Thomsen noted that Lake Mendota is located near a number of Effigy mounds, or earthen mounds built to look like animals or spirits. These mounds are estimated to have been constructed between 1400 and 800 years ago, a period overlapping with the most recent of the canoes.
“There has to be evidence of them being here on this ancient shoreline. Lake Mendota is a really weird situation where it’s [the water level] been raised but also in the period where the dugout canoes are represented, 1200 years ago to 4500 years ago there was a prolonged drought which lowered our lake levels almost 20 feet,” explained Thomsen. “When you look at the bathymetry of Lake Mendota, the bottom contour map of it, you can see that there’s a bench or a rim that goes around it and that’s the ancient shoreline. So we know that there are habitation sites on that ancient shoreline. We just have to figure out how to look for them and what they look like.”
Thomsen also shared that while the canoes could have been made and used for a number of purposes including fishing and transportation most certainly they were used for recreation, the same as we use canoes today.
“We have paintings from the 1500s that show people recreating in canoes,” said Thomsen. “The same things we use them for today, they were using them for 4500 years ago. If you picked someone up from 4000, 5000, 6000 years ago and you brought them here, probably the only thing they would recognize is a canoe,” shared Thomsen.
How Wisconsin paddlers can help uncover more historic canoes
While the largest cache of ancient canoes was found on Lake Mendota, ancient dugout canoes from the have been discovered throughout the state, all the way from the Brule River in Northern Wisconsin, to the southern end of the state.

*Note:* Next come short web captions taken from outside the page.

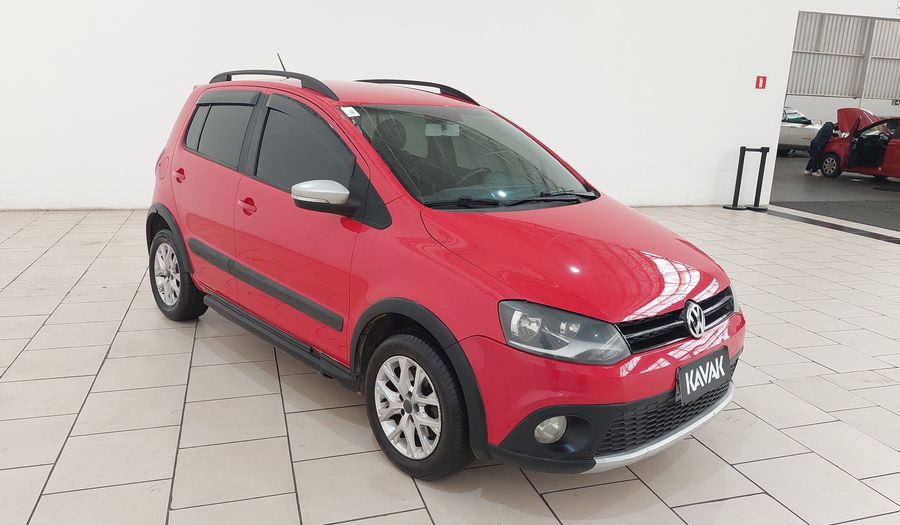 Volkswagen Fox 1.6 VHT TOTAL FLEX CROSSFOX I-MOTION Hatchback 2014
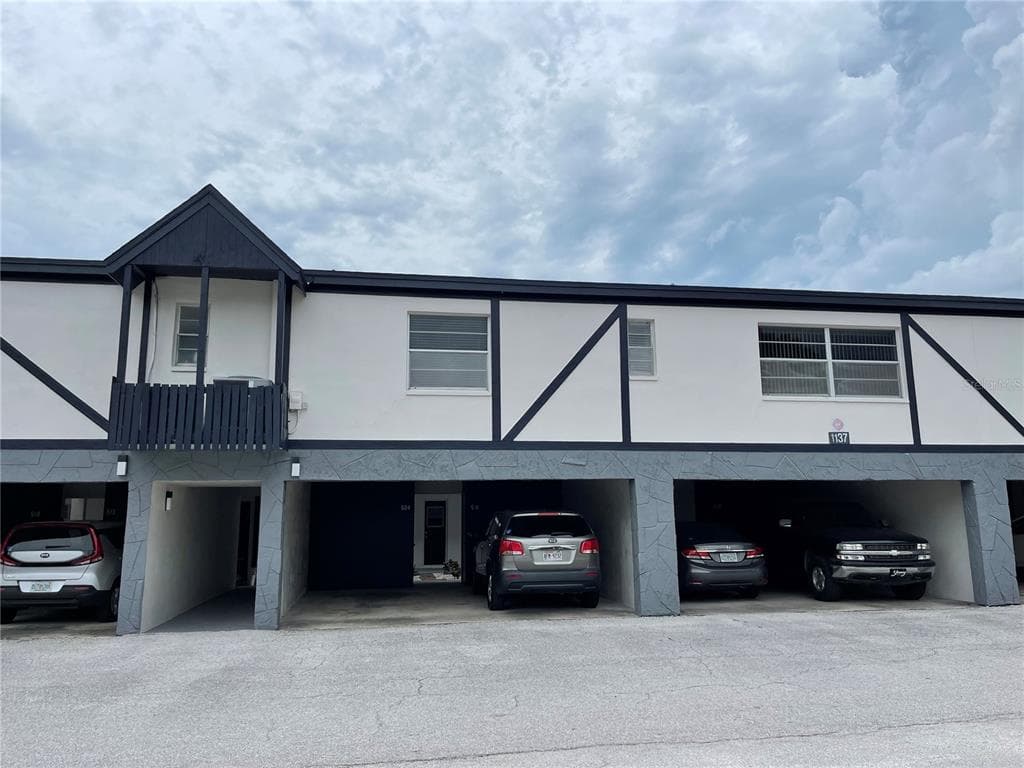 1137 KING ARTHUR COURT UNIT 511 DUNEDIN, FL 34698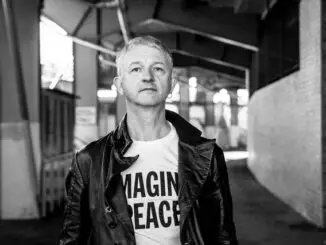 VIDEO PREMIERE: Andy White - 'The Shit Hits The Fan' - Watch Now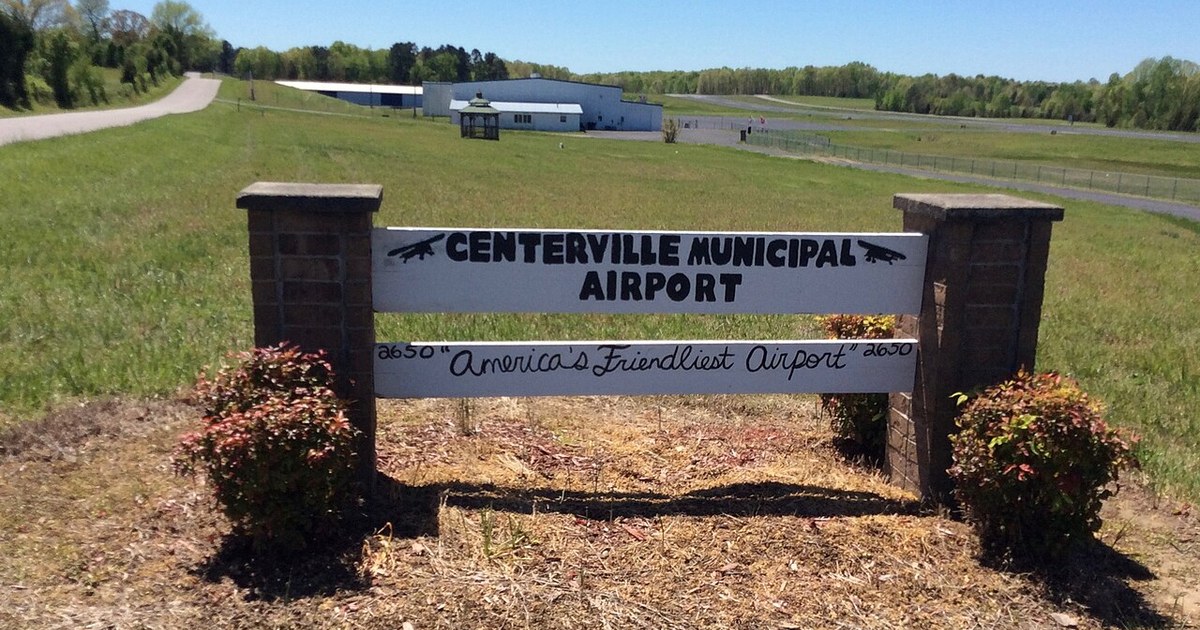 The airport sign at the entrance to Centerville Municipal Airport TN-HI-Centerville Municipal IMG 3909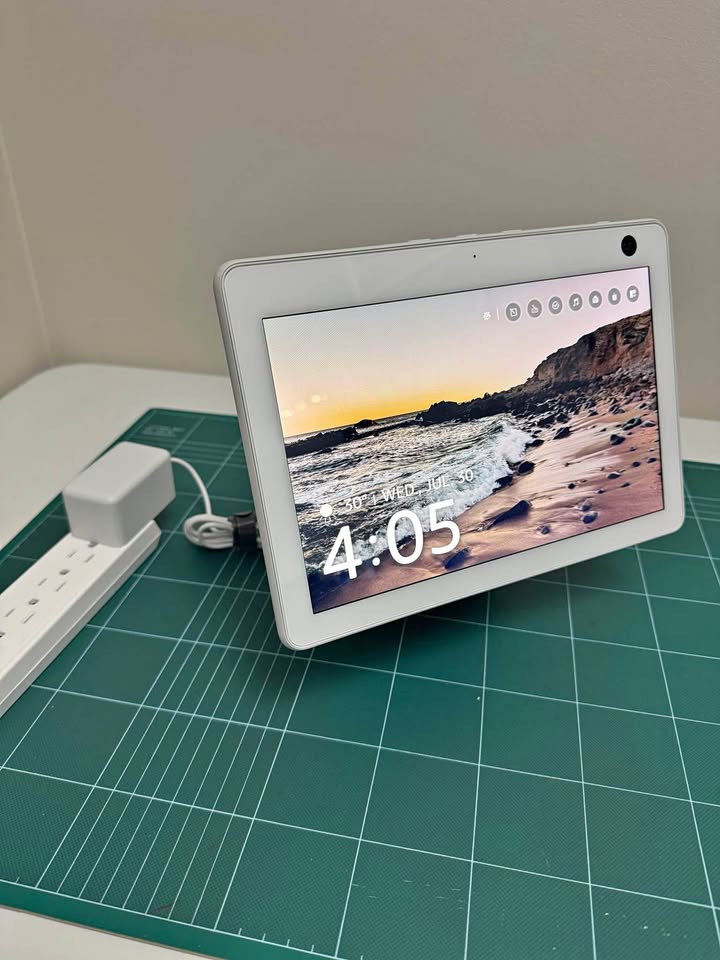 White Echo Show 10 (3rd Gen)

“We really believe there’s a lot more,” said Thomsen. “There’s no place in Wisconsin where we don’t have evidence of a dugout canoe already being recovered. There has to be more.”
Generally, the canoes have been recovered from shallow areas and look to the casual observer like a tree beneath the water. Upon a closer look, the dugout canoe differs from a tree in that it looks like sculpted wood with bark removed, sometimes marked by burning Thomsen explained, adding that the clear water in Wisconsin makes them easier to find. Additionally, Thomsen shared that the canoes are often found in places where notable trails used to reach the waterline, noting that making of these trails are now modern roads.
“We’ve looked at over 112 canoes that have come out of Wisconsin waters,” shared Thomsen. “There has to be thousands of them but people really don’t know what they look like or what to do when they find them so we know that there’s more and we’re reaching out for help.”
Thomsen will be speaking at the 2025 Canoecopia event in Madison, Wisconsin at 4:30 pm on Friday, March 7 to share about the Lake Mendota canoe cache and how paddlers can help in the hunt for more ancient canoes.